▶ **Work required**
All of the data, word for word and free of pictures, is the expected result.

▶ **Data shown**
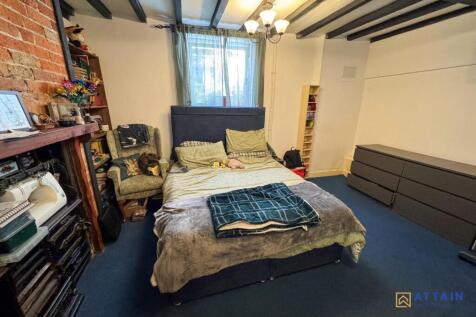 Living - Bedroom.jpg
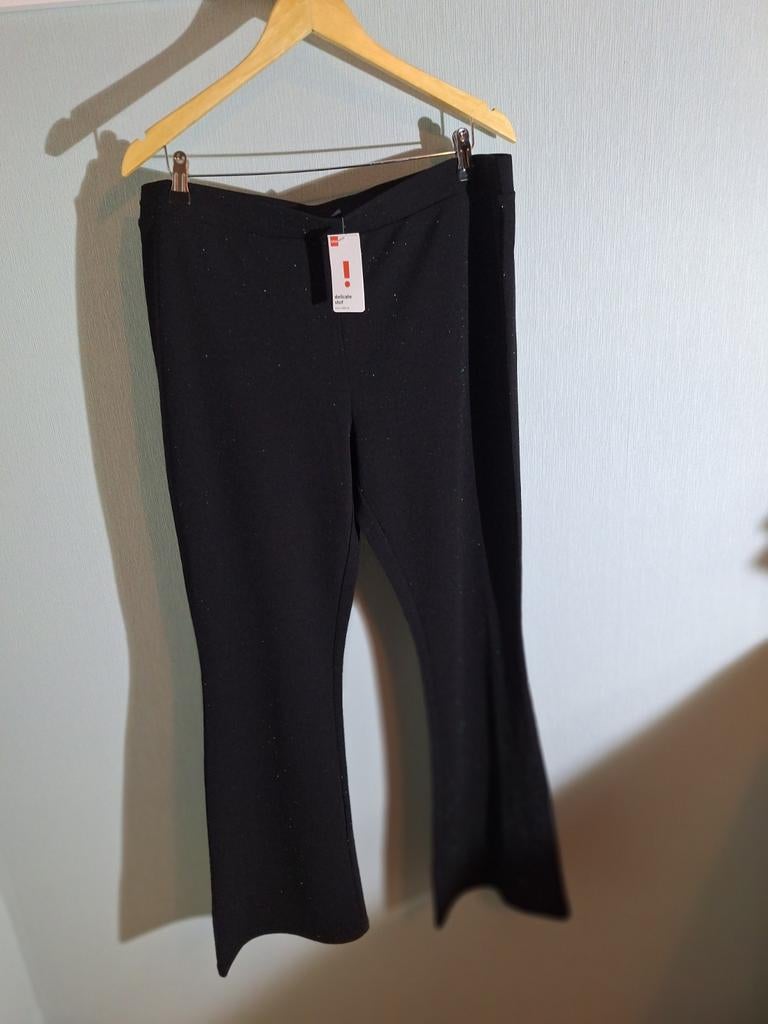 Zwarte glitter flared broek - Nieuw met kaartje!, Kleding | Dames, Broeken en Pantalons, Zwart, Maat 46/48 (XL) of groter, Nieuw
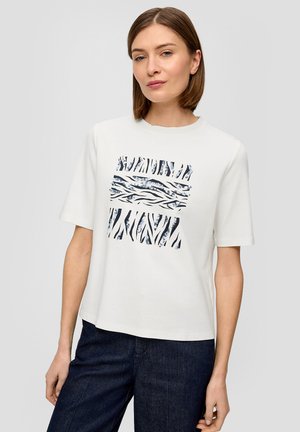 - T-shirt z nadrukiem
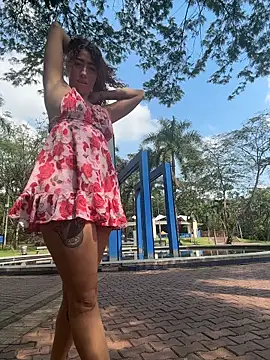 roxyrougee live sex cam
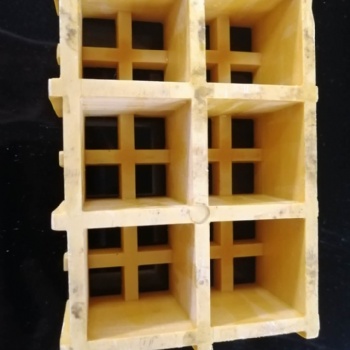 東莞優(yōu)質玻璃鋼微孔格柵應用特點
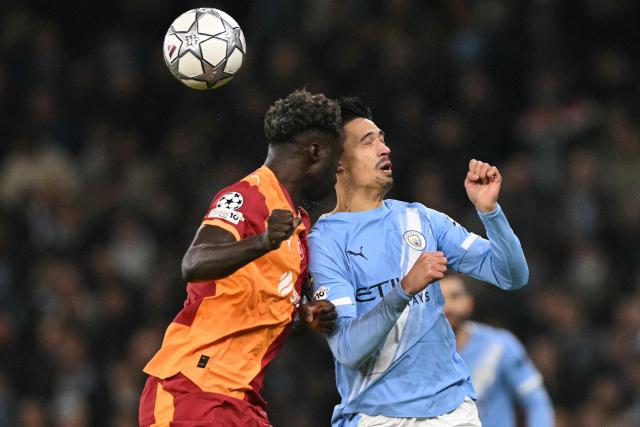 Galatasaray's Colombian defender #06 Davinson Sanchez (L) clashes heads with Manchester City's Dutch midfielder #04 Tijjani Reijnders during the UEFA Champions League football match between Manchester City and Galatasaray at the Etihad Stadium in Manchester, north west England, on January 28, 2026. (Photo by Oli SCARFF / AFP)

▶ **Written answer**
 Living - Bedroom.jpg
 Zwarte glitter flared broek - Nieuw met kaartje!, Kleding | Dames, Broeken en Pantalons, Zwart, Maat 46/48 (XL) of groter, Nieuw
 - T-shirt z nadrukiem
 roxyrougee live sex cam
 東莞優(yōu)質玻璃鋼微孔格柵應用特點
 Galatasaray's Colombian defender #06 Davinson Sanchez (L) clashes heads with Manchester City's Dutch midfielder #04 Tijjani Reijnders during the UEFA Champions League football match between Manchester City and Galatasaray at the Etihad Stadium in Manchester, north west England, on January 28, 2026. (Photo by Oli SCARFF / AFP)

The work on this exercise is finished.